Dataset entries: Begin
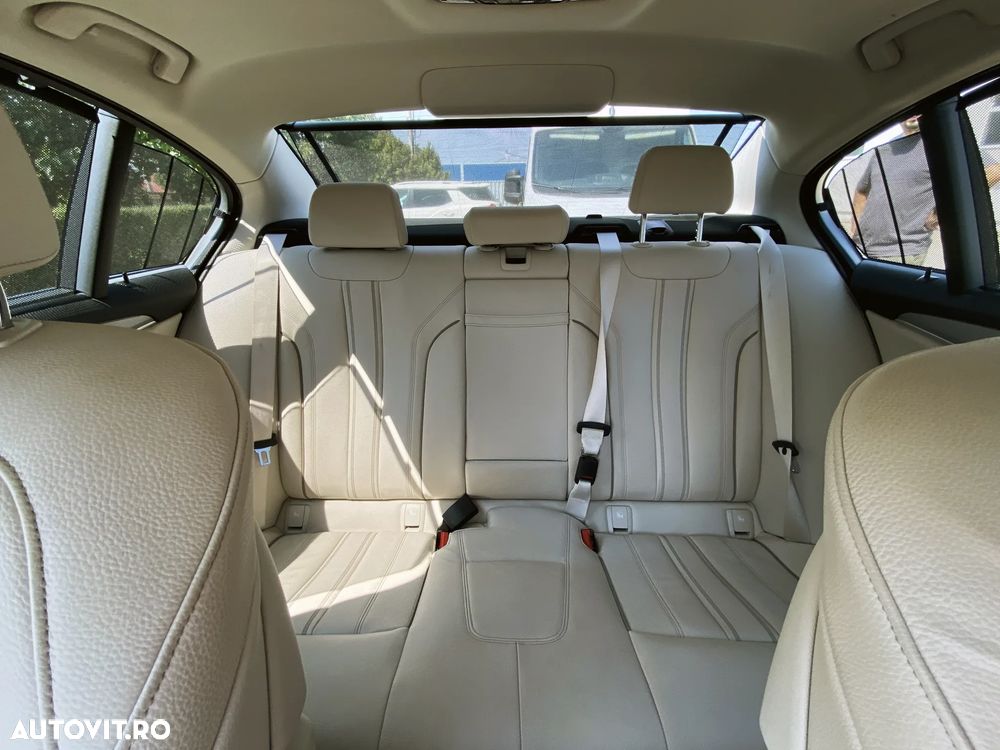 BMW Seria 5 520d AT MHEV - 9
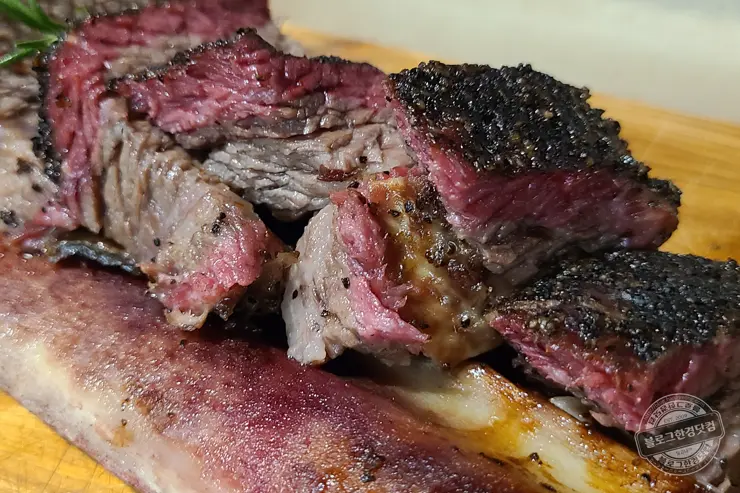 더보일러’s 미국식 바베큐 용산 BBQ 전문점 맛있는녀석들 320회 방영 “맛은 좋은데 서비스는 글쎄” 내돈내먹 후기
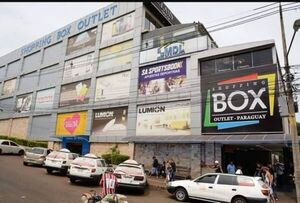 Amenazan con cerrar Shopping Bo de CDE, si no se cambia al administrador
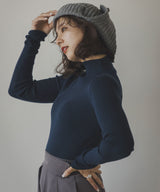 リブタートルニット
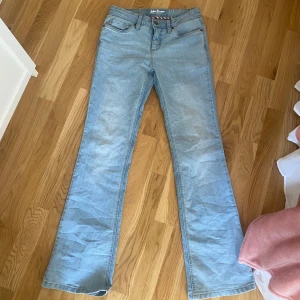Lågmidjade bootcut jeans - Fint skick, aldrig använda av mig men köpte på vinted.  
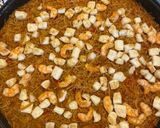 Foto del paso 6 de la receta: Fideuá de langostinos y pota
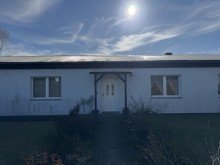 Hausansicht Kopie Viel Platz auf einer Ebene: Gro�z�giger Bungalow mit Potenzial im Schweriner Umland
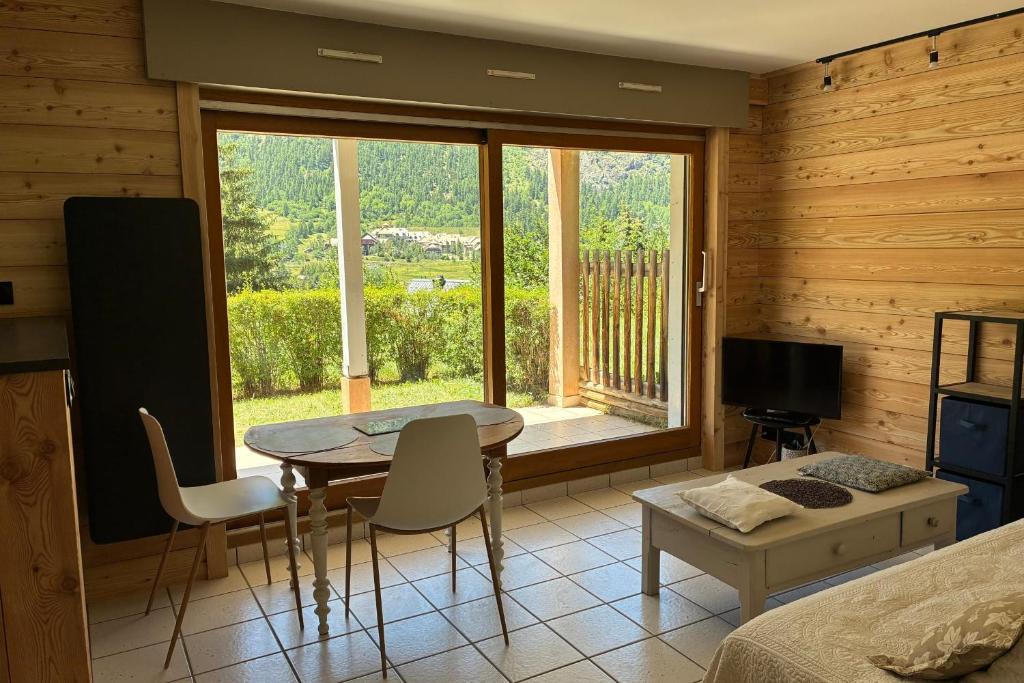 Appartement chaleureux avec vue sur les montagnes - 3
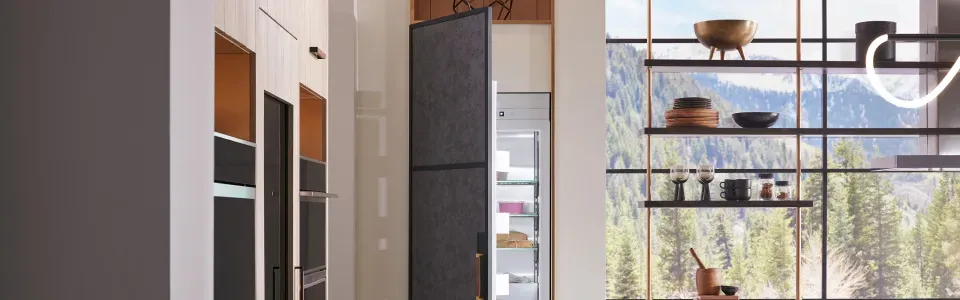 column-refrigerator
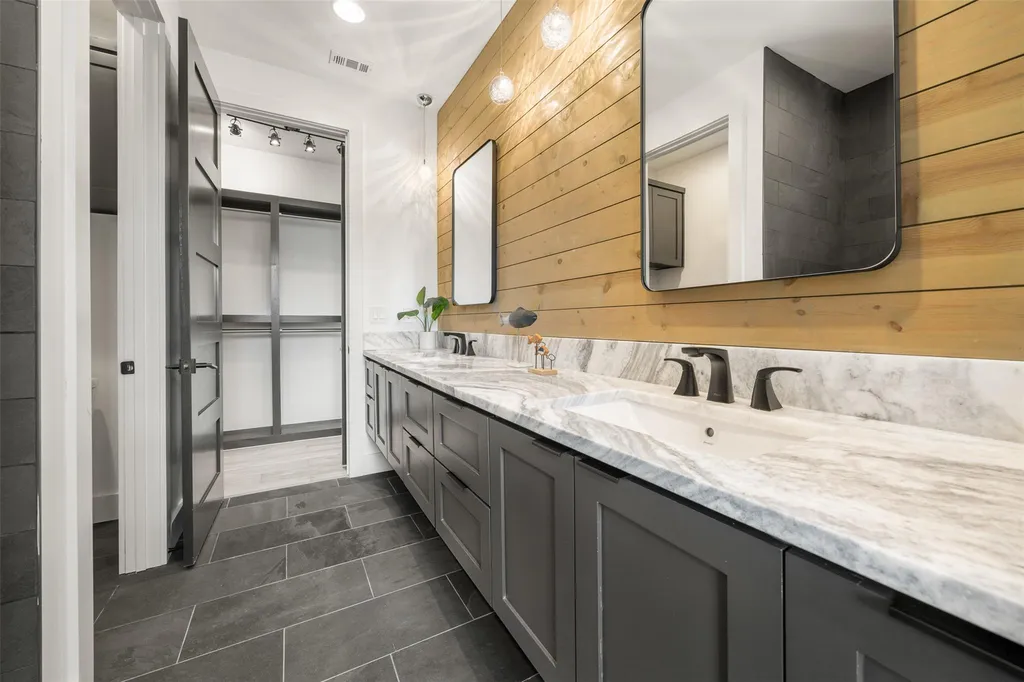 15040 Broken Bow Trail Austin TX 78734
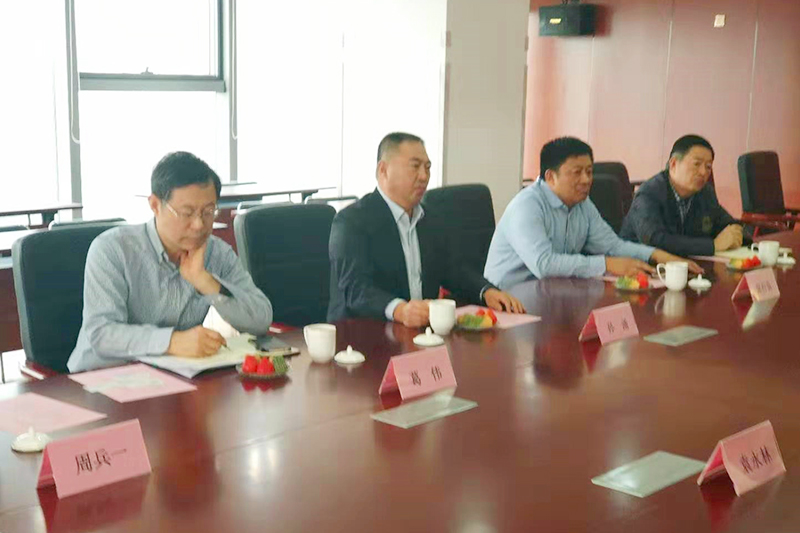 德才集團(tuán)董事長(zhǎng)葉德才偕高管團(tuán)隊(duì)赴榮華建設(shè)集團(tuán)訪問交流(圖3)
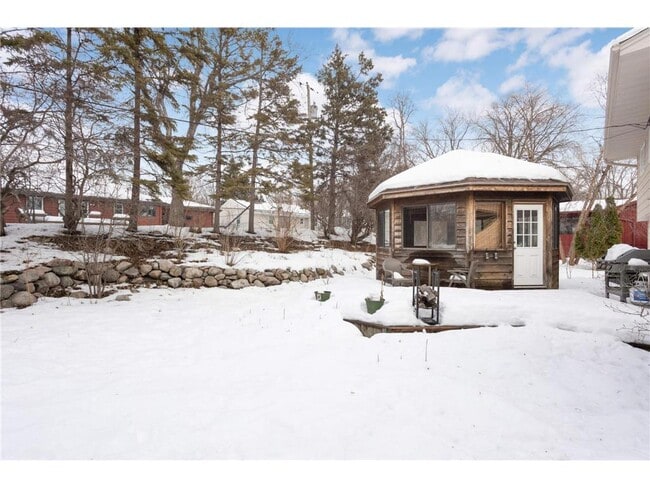 Building Photo - 8324 29th Ave N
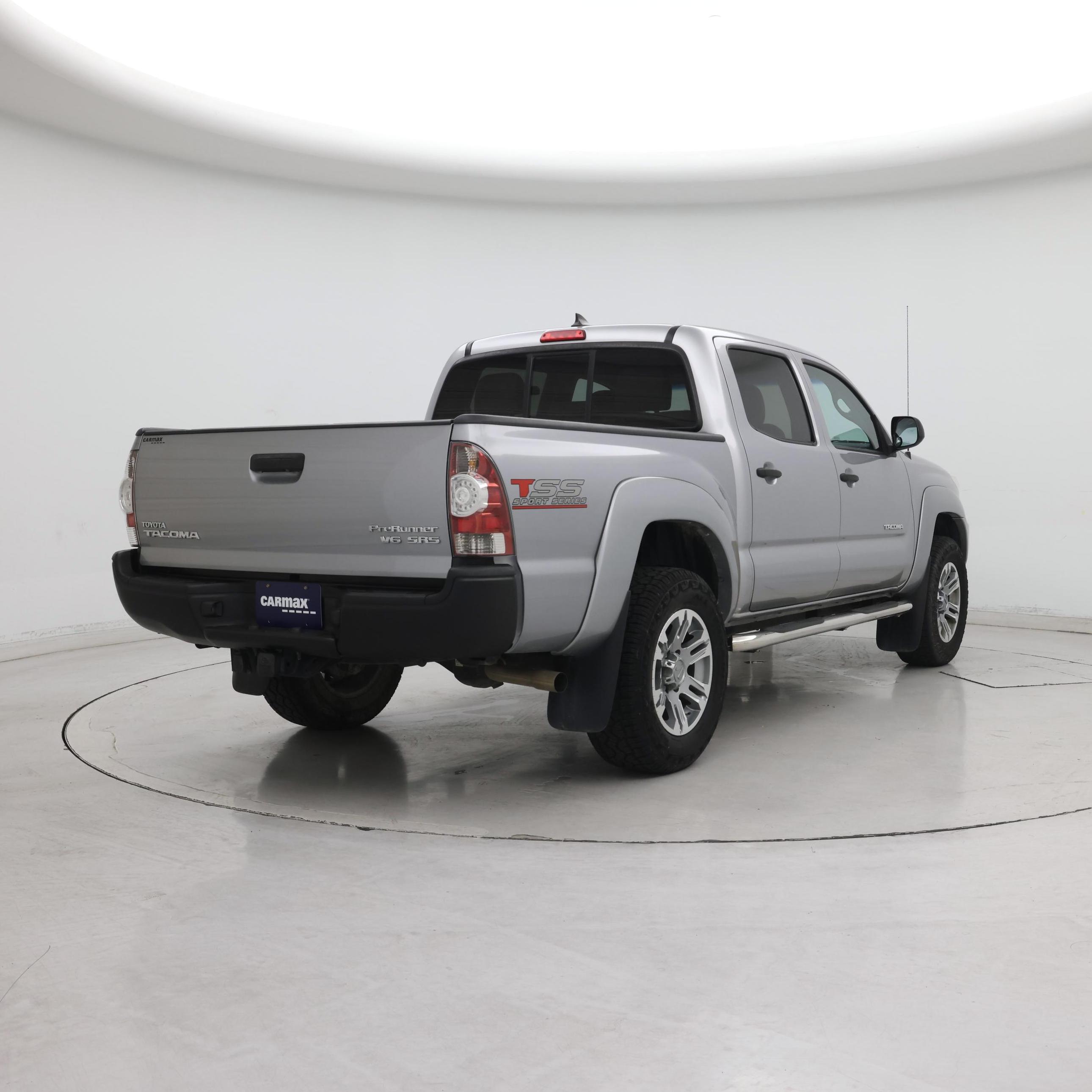 Thumbnail: 2015 Toyota Tacoma - 8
Dataset entries: End
• Aim of the exercise
Images in the records should not be copied. Repeat all the rest exactly.

• Answer to the exercise
 BMW Seria 5 520d AT MHEV - 9
 더보일러’s 미국식 바베큐 용산 BBQ 전문점 맛있는녀석들 320회 방영 “맛은 좋은데 서비스는 글쎄” 내돈내먹 후기
 Amenazan con cerrar Shopping Bo de CDE, si no se cambia al administrador
 リブタートルニット
Lågmidjade bootcut jeans - Fint skick, aldrig använda av mig men köpte på vinted.  
 Foto del paso 6 de la receta: Fideuá de langostinos y pota
 Hausansicht Kopie Viel Platz auf einer Ebene: Gro�z�giger Bungalow mit Potenzial im Schweriner Umland
 Appartement chaleureux avec vue sur les montagnes - 3
 column-refrigerator
 15040 Broken Bow Trail Austin TX 78734
 德才集團(tuán)董事長(zhǎng)葉德才偕高管團(tuán)隊(duì)赴榮華建設(shè)集團(tuán)訪問交流(圖3)
 Building Photo - 8324 29th Ave N
 Thumbnail: 2015 Toyota Tacoma - 8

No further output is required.